Saturday matinees long ago let us escape from the ordinary world to the island of the Swiss Family Robinson or the mutinous decks of the Bounty. Why not, we thought, escape the usual fare here with Saturday matinees of our favorite photography films?

So we're pleased to present the 169th in our series of Saturday matinees today: Sirkhane Darkroom.

The pipe dream of some of our friends who love to read is to own a book store crammed with towering shelves of dusty volumes and stalagmites of new arrivals along the narrow aisles.

We don't have a pipe dream like that but we come close. We have a fantasy of collecting all the old, broken cameras in town and, using our magic mechanical powers, some screw drivers and a pair of needle-nosed pliers, returning them to the hands of some kids who would otherwise not be able to take a picture.

It turns out we're not the only one who fantasizes about that. In quite a few places, there are programs just like our fantasy operating today.

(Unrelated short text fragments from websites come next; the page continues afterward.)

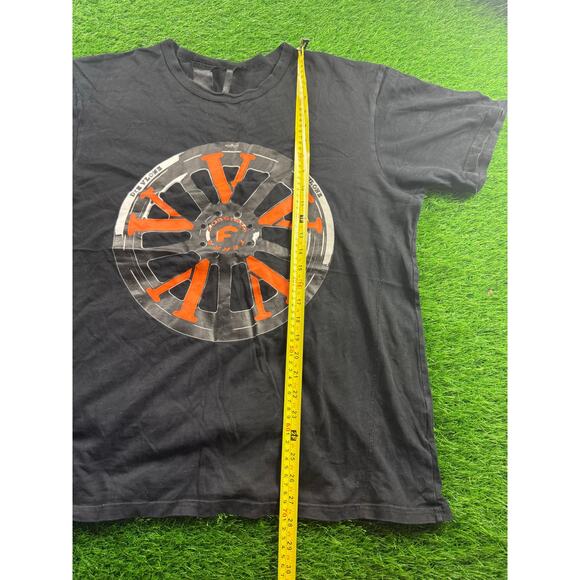 Forgiato VLONE V Logo T-Shirt Men’s Medium Black Orange Graphic Tee Made in USA - Picture 8 of 9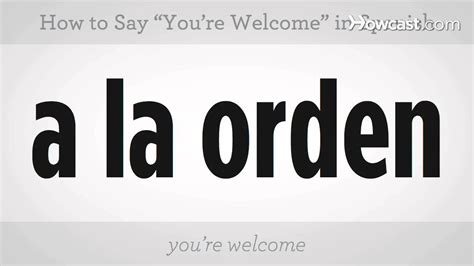 Another informal way to say you're welcome in french is il n'y a pas de quoi or pas de quoi, which can be translated as don't mention it. how does that number correspond to the different ways to say thank you? what are the different rules for using polite versions of thank you or. How to Say "You're Welcome" | Spanish Lessons - YouTube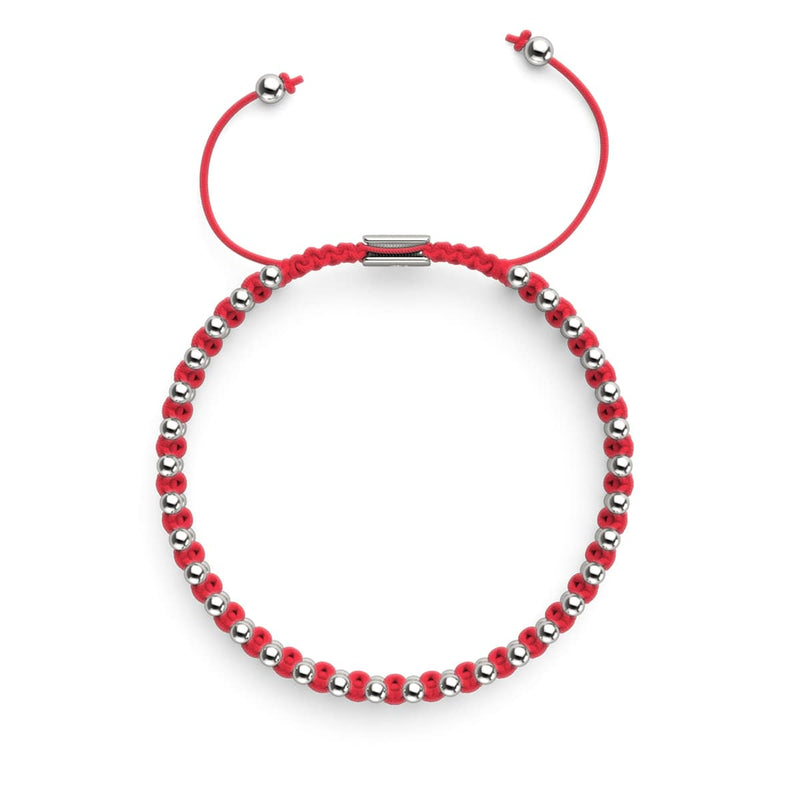 Silber x Kirsche | Freundschaftsarmband DOT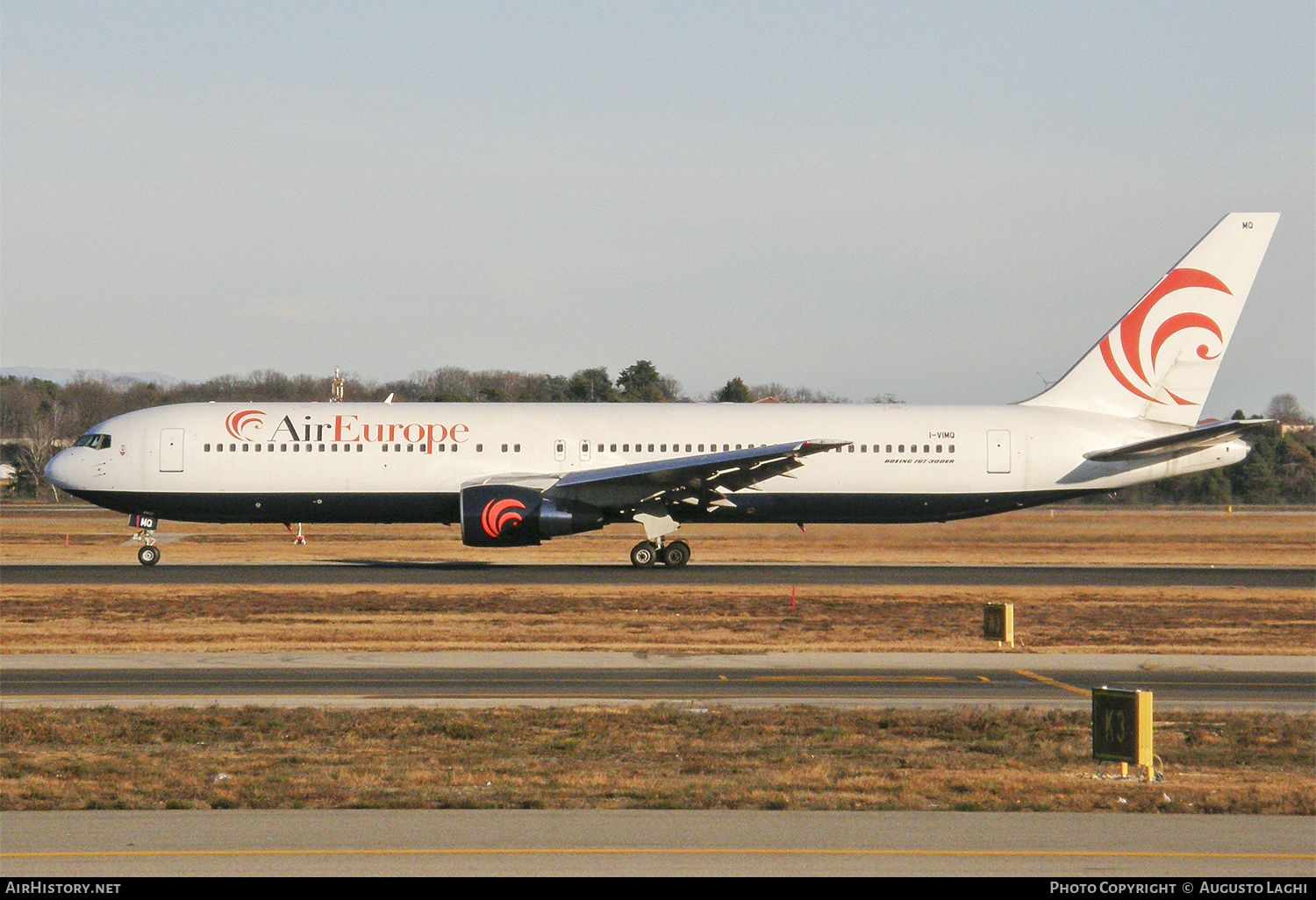 Aircraft Photo of I-VIMQ | Boeing 767-3Q8/ER | Air Europe | AirHistory.net #470570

The kids get a camera and think about what story they will tell with a roll of 36 exposures.

Among them is this one in Mardin, Turkey, by the Syrian border. It's an analog photography workshop for Syrian and Turkish children from the Istayson district. Mardin is also the home of the Sirkhane Social Circus School, which performs a similar civic function.

The short clip opens with one child teaching another how to load film onto a developing reel. It isn't until a minute in that we hear an adult talk about the 40 children in the program.

The kids get a camera and think about what story they will tell with a roll of 36 exposures. We see the kids on the street, looking through their cameras at this new world and posing for each other.

"All of a sudden," the narrator says, "they are able to describe in photography what they couldn't verbalize before."

One child spent the day with her mother, a tailor, to tell her story. Another takes photos of children working in Istayson.

We also see them in the darkroom, examining their developed filmstrips and printing the negatives. They don't want to leave the darkroom. It's magic.

The real magic though isn't photography. It's the faces of these children. That's what makes this video stand out among others of programs like this. The children are engaged, intent, smiling and alive with ideas.

There is a generation of children growing up in the Middle East deprived of school. But young minds thirst for an education. So even this small opportunity brings new students to the program every day.

Who knows, the next Atget or Cartier-Bresson or Weston could be among them. Or, even better, a new generation of diplomats intent on peace in the region.